0

It may be a silly basic question but as described in the title, I am wondering how PostgreSQL deals with performance when having millions of entries (with the possibility of reaching a billion entries).

To put it in a more concrete way, I want to store data (audio, photos and videos) in my database (I'm only storing their path, files are organised in the file system), but I have to decide wether I use a single table "data" to store all the different types of data, or multiple tables ("data_audio", "data_photos", "data_videos") to separate those types.

The reason why I am asking this question is that I have something like 95% of photos and 5% of audio and videos, and if I want to query my database for an audio entry, I don't want it to be slowed by all the photos entries (searching for a line among a thousand must be different than searching among a million). So I would like to know how PostgreSQL deals with this and if there exists some way to have the best optimisation.

I have read this topic that is really interesting and seems relevant: How does database indexing work?

Is it the way I should do?

Recap of the core stored informations I will have in my core tables:

1st option:

  • DATA TABLE (containing audio, photos and videos):

    • id of type bigserial
    • _timestamp of type timestamp
    • path_file of type text
  • USERS TABLE:

    • id of type serial
    • forename of type varchar(255)
    • surname of type varchar(255)
    • birthdate of type date
    • email_address of type varchar(255)
  • DATA USERS RELATION TABLE:

    • id_data of type bigserial
    • id_user of type serial
  • ACTIVITIES TABLE:

    • id of type serial
    • name of type varchar(255)
    • description of type text
  • DATA ACTIVITIES RELATION TABLE:

    • id_data of type bigserial
    • id_activity of type serial

(SEARCH queries are mainly done on DATA._timestamp and ACTIVITIES.name fields after filtering data by USERS.id)

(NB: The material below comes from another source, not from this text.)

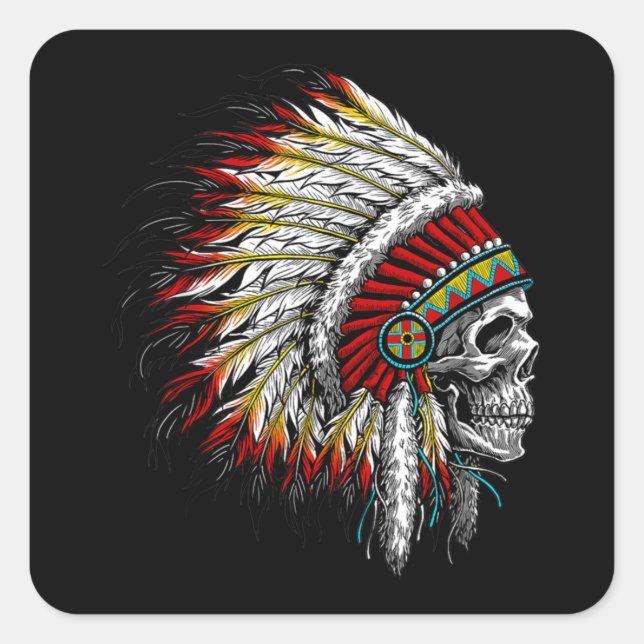 Adesivo Quadrado Native American Indian Chief Skull Motorcycle (Frente)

2nd option (only switching the previous DATA TABLE with the following three tables and keeping all the other tables):

  • DATA_AUDIO TABLE
  • DATA_PHOTOS TABLE
  • DATA_VIDEOS TABLE

Additional question: Is it a good idea to have a database per user ? (in the storyline, to be able to query the database for data depends on whether you have the permission or not, and if you want to retrieve data from two different users, you have to ask the permission from both users, and the permission process is a process in its own right, it is not handled here, so let’s say that when you query the database, it will always be queries on the same user)

I hope I have been clear, thanks in advance for any help or advices!

Cyrille

  • Millions of rows isn't much of a feat really, and billions is perfectly possible when optimising the database properly. Simply do a test by generating a bunch of random data. – deceze Mar 15 '18 at 14:49
  • Note your junction ("*bridge*") tables `data_users` and `data_activities` should *not* contain (big)serials, but (big)ints : FKs referencing the base tables's id columns. – joop Mar 15 '18 at 15:19
  • Thank you very much @deceze and joop, I'm going to try / correct as you said! – Cyrille Dakhlia Mar 15 '18 at 15:35

1 Answers1

1

Answers:

  • PostgreSQL is cool with millions and billions of rows.

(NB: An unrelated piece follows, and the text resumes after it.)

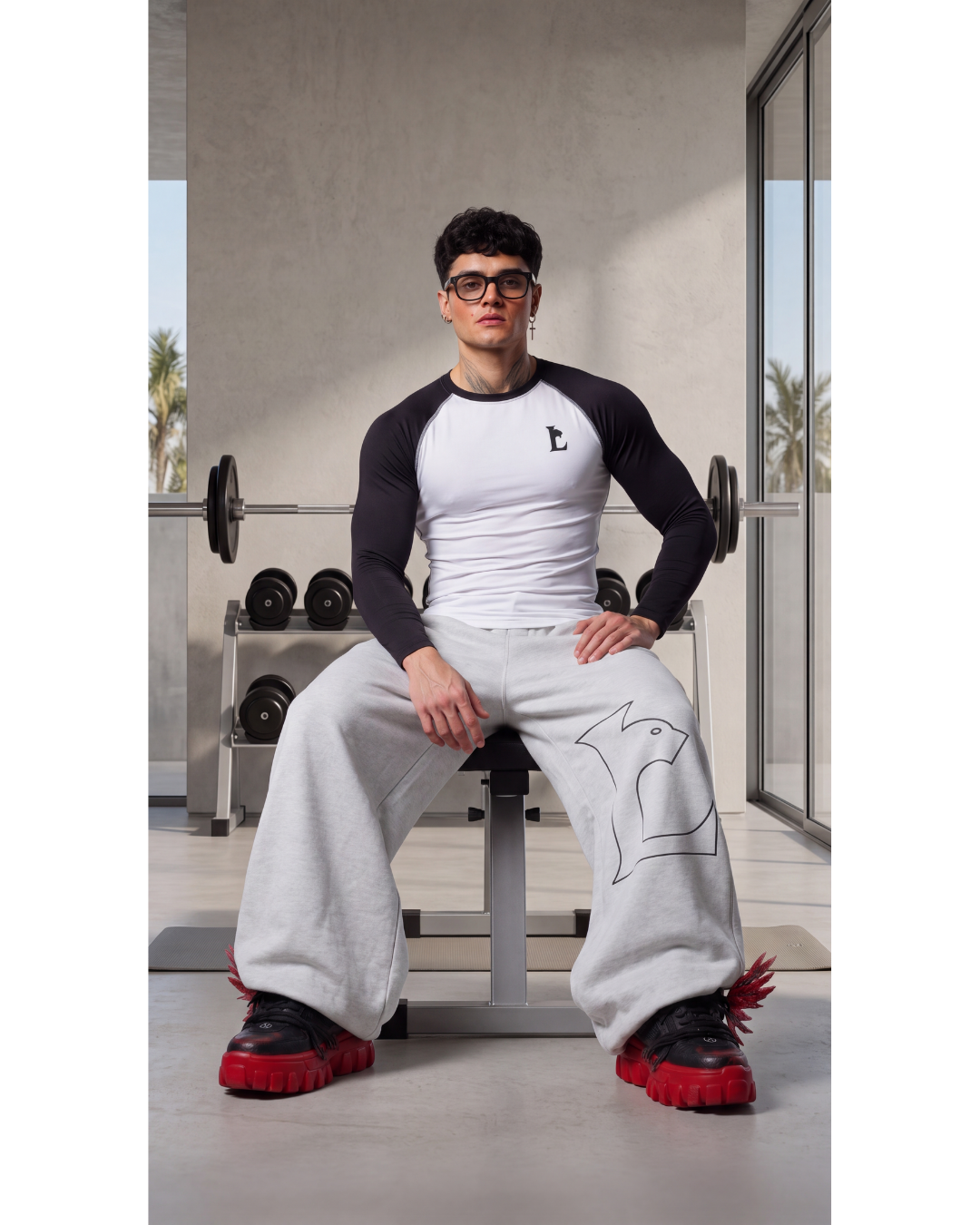 LUXENBOURG WHITE RAGLAN COMPRESSION TEE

  • If the different types of data all have the same attributes and are the same from the database perspective (have the same relationships to other tables etc.), then keep them in one table. If not, use different tables.

  • The speed of index access to a table does not depend on the size of the table.

  • If the data of different users have connections, like they use common base tables or you want to be able to join tables for different users, it is best to keep them in different schemas in one database. If it is important that they be separated no matter what, keep them in different databases.

    It is also an option to keep data for different users in one table, if you use Row Level Security or let your application take care of it.

    This decision depends strongly on your use case and architecture.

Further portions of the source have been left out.